DSGA1004 - BIG DATA

SQLite

Submission deadline: 2023-02-17, 23:59 EST

Goal of this exercise:

In this exercise, you will write queries to understand the concepts of relational databases and SQL, and write Python scripts to execute those queries.

Database Provided: music_small.db. This can be downloaded from the course website, and we recommend that you download it into the same directory as your repository files. Please do not check this file into your git repository, as the files can get quite large and we do not need extra copies of the database.

The database schema contains three tables:

track
artist
album

Note: This dataset is derived from a real, public collection of music metadata provided by the Free Music Archive. It is realistic in the sense that there may be missing values, corrupted strings, and various other issues that arise in large, public datasets. It also may contain obscenities and/or explicit language (e.g. in artist or song titles).

Part 1: queries

Modify the given Python Script (lab1_part1.py) to execute the following queries. Copy your results into the markdown file RESULTS.md that includes for each question your results (output) and an explanation of the query when appropriate.

Your script should execute from the command-line as follows:

python lab1_part1.py music_small.db

Please do not edit the script to hard-code a path to the database. We will use this when grading to check your results on a different database!

Write a query to answer each of the following questions. Each question should be solved by a single query—you should not need sub-selects, temporary tables, or anything like that. Your query should produce the answer without unnecessary rows or columns in the output.

Which tracks (ids and names) have a lyricist whose name begins with "W"?
What are the values that can be taken by the track.track_explicit field?
Which track (id and title) has the most listens?
How many artists have "related projects"?
Which non-null language codes have exactly 4 tracks?
How many tracks are by artists known to be active only within the 1990s?
Which three artists have worked with the largest number of distinct album producers?
Which track (include id, title, and artist name) has the largest difference between the number of album listens and track listens?

Part 2: Indexing

In part 2, you are given a second script lab1_part2.py which consists of a specific query that will execute frequently on this database. Your job in this part is to make the query run as fast as you can, without modifying the database schema or the query itself. You are allowed to use indices though!

The provided script comes with some basic benchmarking functionality which will execute the query several hundred times and report the mean and best running time. Do not change this part of the program.

We recommend that you make a backup copy of the provided database file, e.g., at the command line:

$ cp music-small.db music-small-original.db

prior to beginning.
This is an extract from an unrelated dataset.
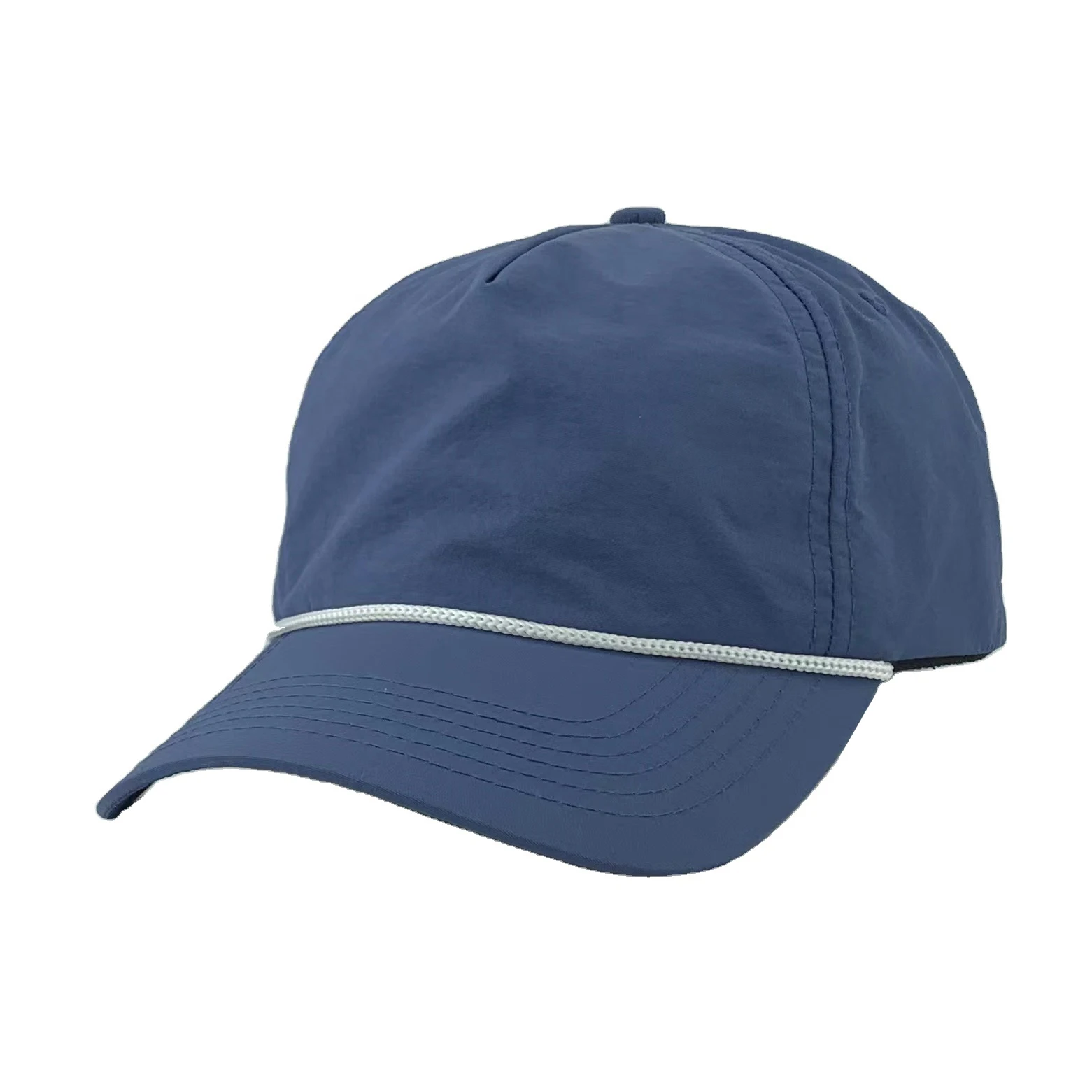 High Quality Unstructured Snapback Rope 5 Panel Nylon Baseball Golf Caps Hats With Custom Logo Snapback Rope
This will make it easy to revert to the original data in case something goes wrong, or you accidentally persist changes to the database from one of your program to the next.

Any changes to the database that you make (e.g., index construction) must be performed through the python sqlite interface in your script. Do not make changes with external tools. This is because, like in part 1, we will test your modifications on held out data.

When you are done and satisfied with your implementation, answer the questions under part 2 in RESULTS.md.

What to turn in

Commit all of your final changes to your github repository:

part1.py
part2.py
RESULTS.md

and push the committed changes to github. Be sure to check that your final results are reflected on remote, GitHub copy of your repository.